PROBLEM STATEMENT: Print, word for word, only the lines from the one with "Внедорожник / Кроссовер Ford Edge 2019 в" down to the last line of the listing below; no pictures.

DATA LISTING:

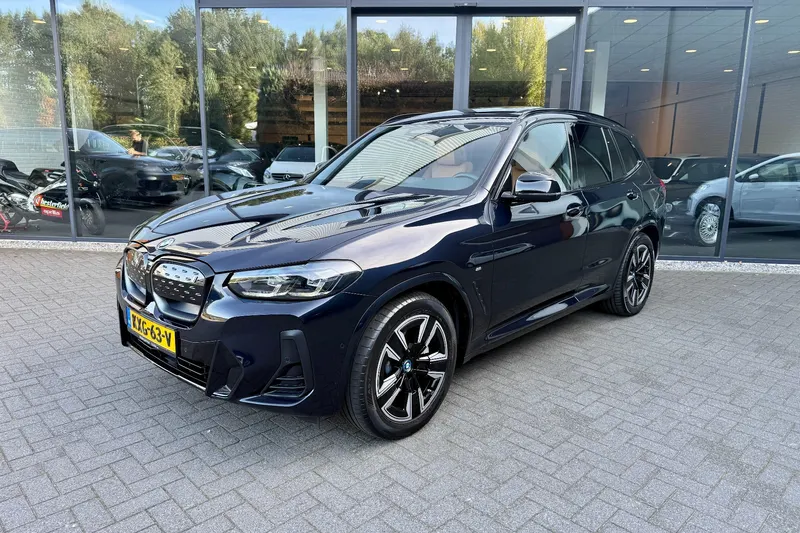 BMW iX3 (2022)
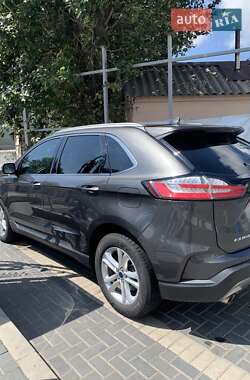 Внедорожник / Кроссовер Ford Edge 2019 в 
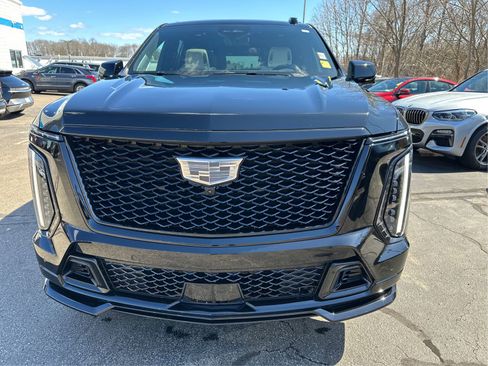 Certified 2025 Cadillac Escalade V w/ LPO, Floor Liner Package AWD/4WD image 23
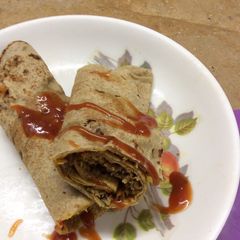 A picture of Qeema wrap.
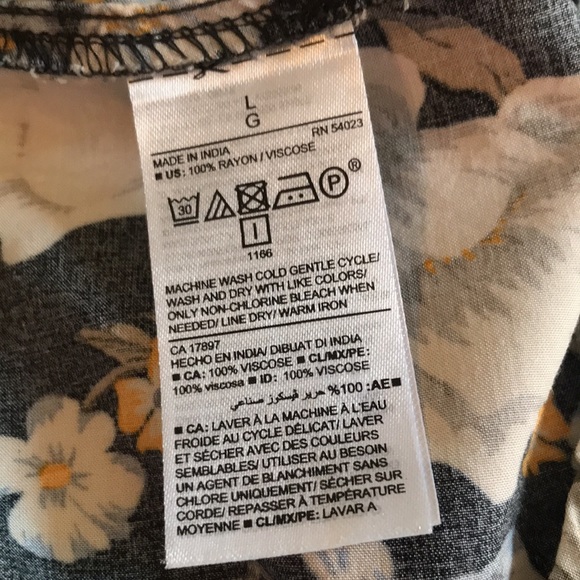 Ladies dress - Picture 10 of 10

OUTPUT OF THE TASK:
 Внедорожник / Кроссовер Ford Edge 2019 в 
 Certified 2025 Cadillac Escalade V w/ LPO, Floor Liner Package AWD/4WD image 23
 A picture of Qeema wrap.
 Ladies dress - Picture 10 of 10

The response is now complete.